%%

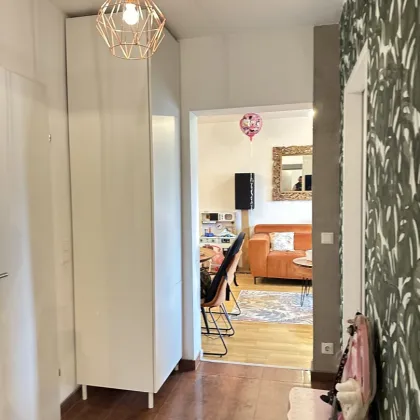 3,5-Zimmer-Wohnung Nähe Landeskrankenhaus mit Balkon 🌄🛏️ - Bild 2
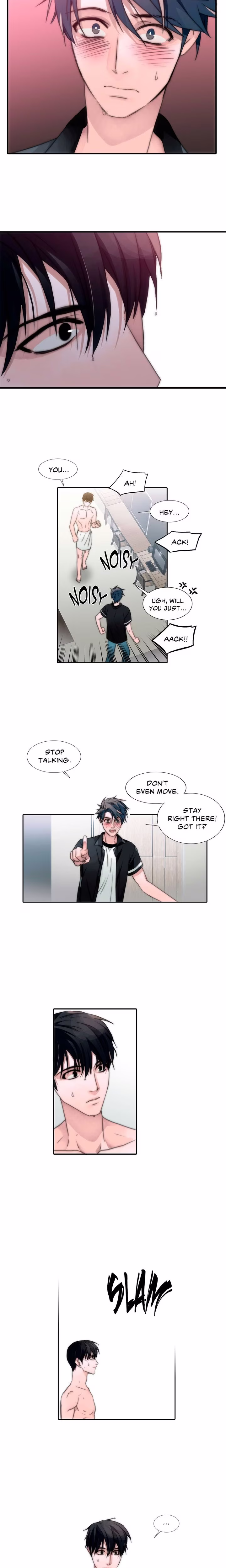 Love Shuttle - Chapter 5 - Part 4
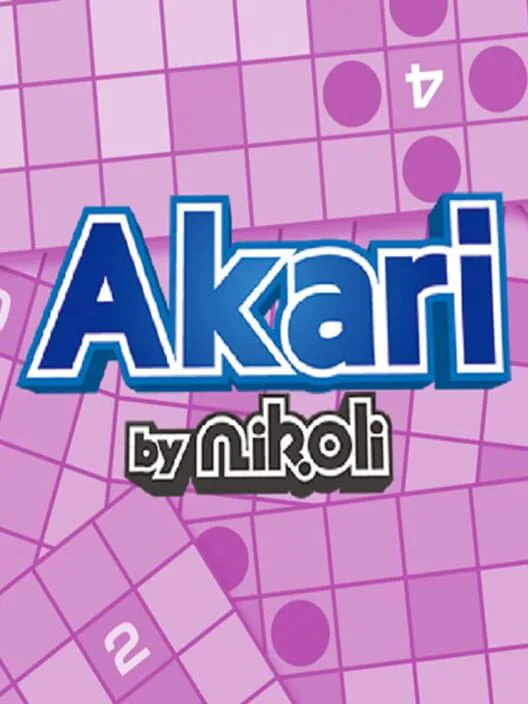 Copertina di Akari by Nikoli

%%

(WHAT YOU HAVE TO DO): Please retype the whole listing above word for word and drop the pictures.

(SOLUTION TO THE PROBLEM):
 3,5-Zimmer-Wohnung Nähe Landeskrankenhaus mit Balkon 🌄🛏️ - Bild 2
 Love Shuttle - Chapter 5 - Part 4
 Copertina di Akari by Nikoli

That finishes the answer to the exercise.